Yorgos Lanthimos ha sempre saputo distinguersi: piaccia o meno, a prescindere dai gusti che si hanno, il suo cinema non lascia mai indifferenti, tanto per i temi trattati quanto per la regia inconfondibile. Con il suo nuovo film, Povere creature!, il regista greco continua nel suo eccesso, con un’opera dissacrante, drammatica e comica, ironica e caustica (il soggetto è preso dall’omonimo romanzo di Alasdair Gray). Un lungometraggio fatto di luci e ombre, tonalità dark e gotiche, colori sgargianti e cupi che si rincorrono di continuo, ambientato in un’epoca vittoriana rielaborata e surreale. La protagonista è Bella Baxter (Emma Stone), una giovane donna riportata in vita dall’eccentrico chirurgo Godwin Baxter (Willem Dafoe): la ragazza si era suicidata, ma il medico ha recuperato in tempo il corpo e ha impiantato in lei il cervello del feto che aveva in grembo, così ha riportato in vita la donna, ma con la mentalità di una bambina. La mente di Bella cresce velocemente, si adatta al mondo, struttura il proprio pensiero, apprende il linguaggio e i piaceri della vita (e del sesso): verrà monitorata da un allievo di Godwin, Max McCandless (Ramy Youssef), un giovane medico che si innamorerà di lei. Ma a Bella non basterà l’amore di Godwin e di Max, vuole conoscere il mondo e vivere ogni esperienza, tanto positiva quanto negativa: vuole divorare la vita in ogni sua forma, e così parte per un ardito viaggio con un avvocato donnaiolo, Duncan Wedderburn (Mark Ruffalo), e scoprirà ogni piacere ed ogni dolore dell’esistenza.

Povere creature! ha vinto il Leone d’oro alla Mostra internazionale d’arte cinematografica di Venezia 2023 e due Golden Globe (“Miglior film commedia o musicale” e “Migliore attrice in un film commedia o musicale” a Emma Stone). Inoltre, è in gara agli Oscar per molte categorie, come “Miglior film”, “Miglior regia” e “Miglior attrice protagonista”.

Questo lungometraggio è ricco di tematiche, dolce e amaro al contempo: Bella è una spugna, vuole assorbire ogni esperienza di vita, è una tabula rasa piena di vita e di curiosità (e l’interpretazione di Emma Stone è di alto livello). La sua libertà spiazza gli uomini che ha intorno e genera in loro sentimenti di amore e odio (chi la ama veramente, la lascia libera; chi, invece, la vuole possedere, va incontro alla disfatta). In un mondo dai colori inusuali e surreali, Lanthimos racconta l’Odissea della sua protagonista: incredibilmente autonoma, pronta a conoscere la libertà ad ogni costo, e capace di sbigottire chiunque con le sue trovate ed il suo atteggiamento spiazzante.
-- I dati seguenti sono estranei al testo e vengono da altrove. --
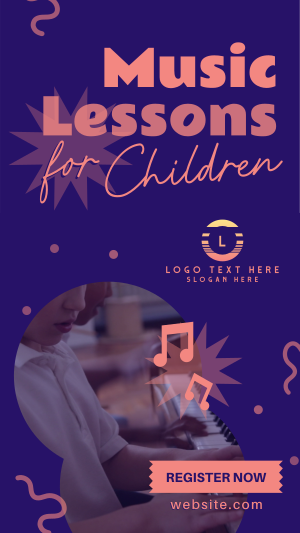 Music Lessons for Kids Instagram story Image Preview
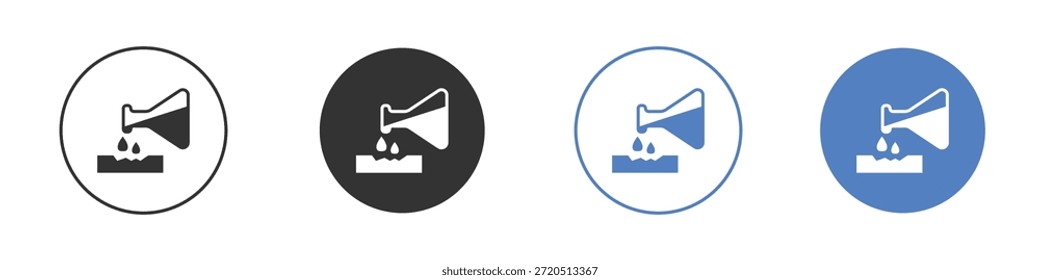 Coleção de ilustrações de clip-art de vetor de ícone de substância corrosiva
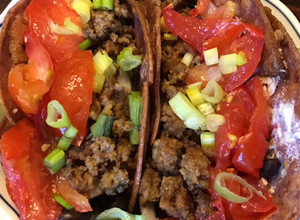 A picture of California Farm Wagyu Beef Mince Tacos.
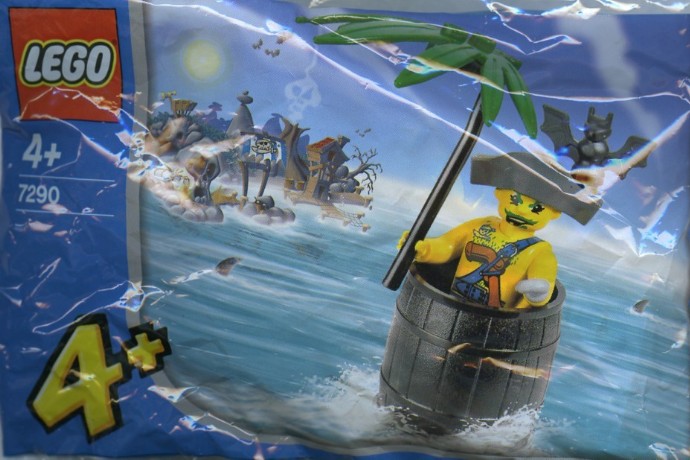 LEGO 7290 Captain Kragg in Barrel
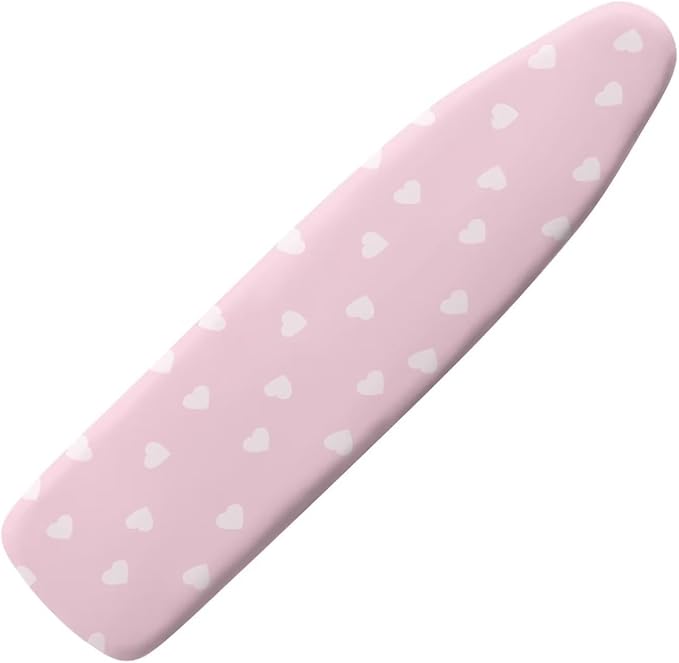 Pink Heart Ironing Board Cover and Pad Soft Cover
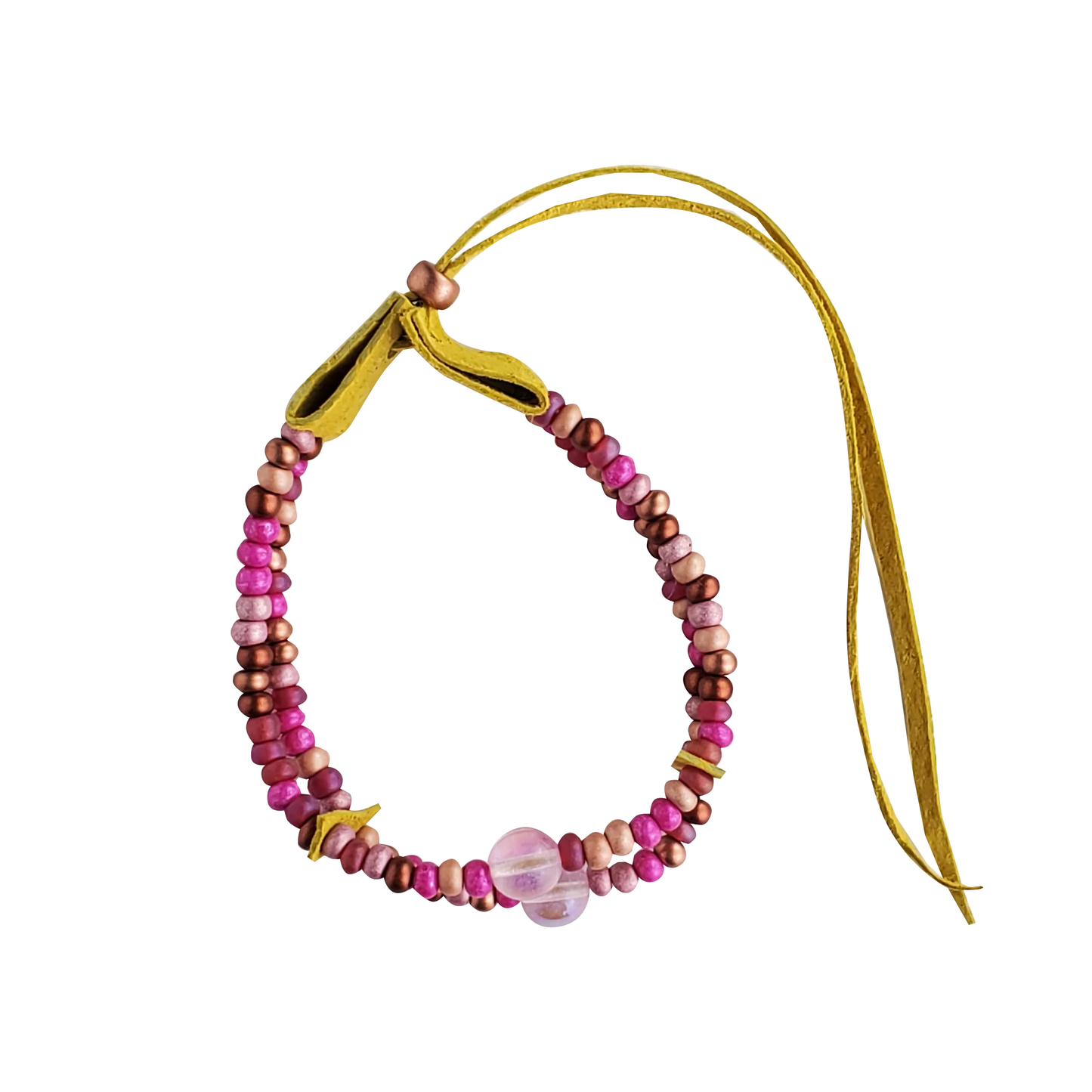 Double-Strand Glass Bead Wristbands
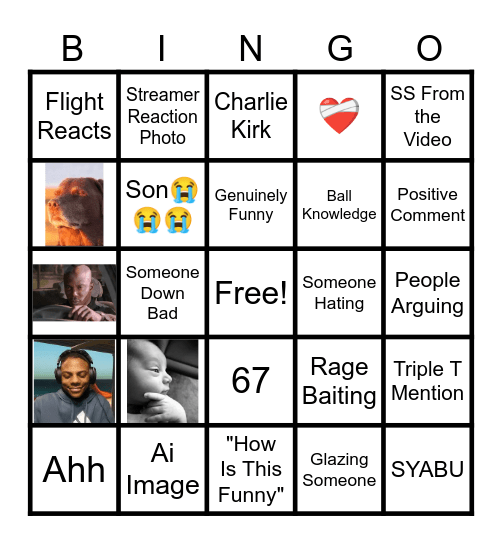 TikTok Comment Bingo Card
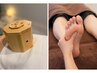 【温活リラックス】お腹をじんわり温めるお灸+足裏オイル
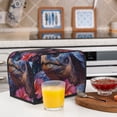 thumbnail image 6 of Balery Realistic Flower Turtle Pattern Oven Cover Kitchen Bread Machine Protector, 2 Slice Toaster Cover for Home, Anti Dust Fingerprint Coaster Cover, 6 of 7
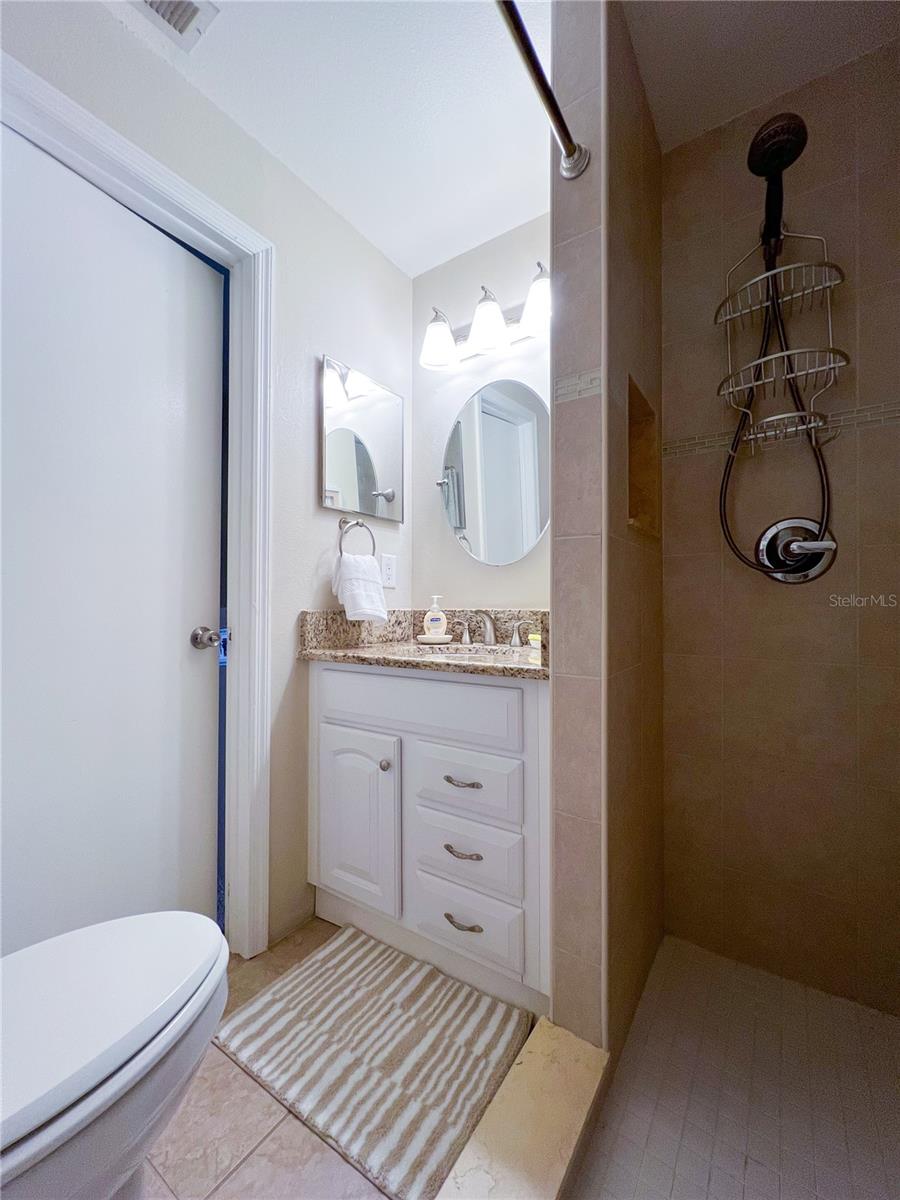 Secondary Shower only
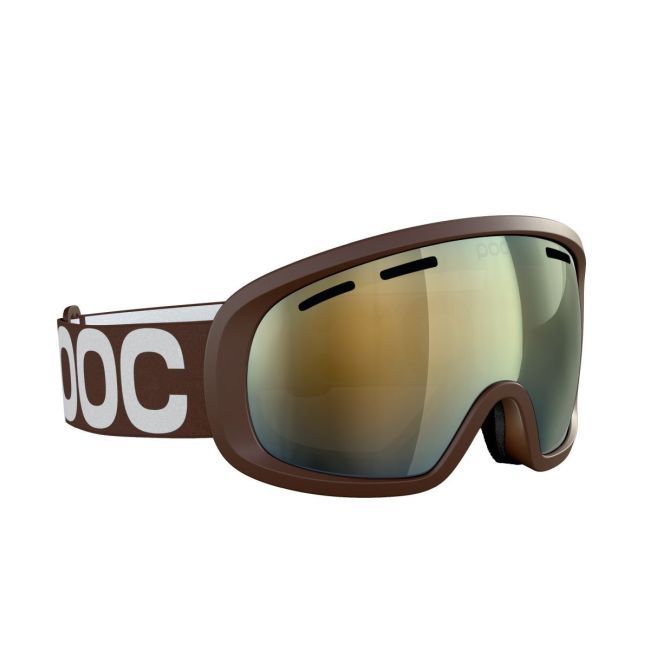 Ochelari schi POC Fovea Mid - Bronzite Brown/Sunny Cool Gold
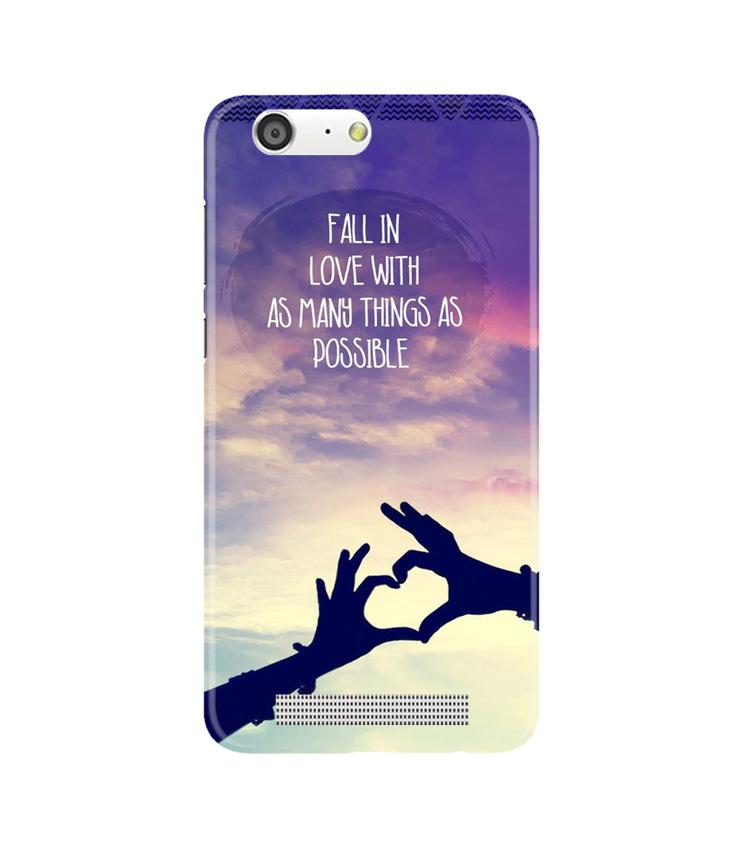 Fall in love Mobile Back Case for Gionee M5 (Design - 50) Fall in love Case for Gionee M5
Lasciata la casa “paterna”, dove Godwin la teneva al sicuro, circondata dagli animaletti frutto degli esperimenti del dottore (come galline incrociate con i maiali, creature che ricordano i dipinti di Hieronymus Bosch e le sculture di Thomas Grünfeld), la fanciullezza di Bella termina, le tonalità di grigio svaniscono e appare il mondo in tutti i suoi colori. Il mondo è complesso e distorto: il classico grandangolo di Lanthimos (cifra stilistica frequente nei suoi film) e l’ossessivo fish-eye, deformano la realtà, perché la realtà stessa è mostruosa e piena di storture (la ragazza lo capirà sulla sua pelle). Bella abbandona la casa paterna, soddisfa la sua innata curiosità (e ci riesce, a differenza degli sfortunati protagonisti di Dogtooth) e diventa padrona di sé e del suo destino. La forza di Bella matura attraverso l’estrema esperienza sessuale che vive e tramite lo studio, nel crescente amore che la donna sviluppa nei confronti della cultura, della filosofia, della medicina: diventa padrona del proprio corpo e della propria mente, attraverso un percorso complesso ed anche violento. Povere creature! è una favola non convenzionale che rievoca Frankenstein e la sua autrice, Mary Shelley: le citazioni all’opera e alla vita dell’autrice sono molte, dalla creazione di Bella ai nomi utilizzati (il filosofo William Godwin fu il padre di Mary Shelley e William Baxter fu una figura fondamentale per la formazione della scrittrice). Ma, tra le molte differenze rispetto all’opera di Shelley, questa volta il creatore ama la sua creatura e, donandole la vita, accetta di riconoscerne anche la libertà di cui ha diritto: una libertà che non poteva non stimolare un regista come Yorgos Lanthimos.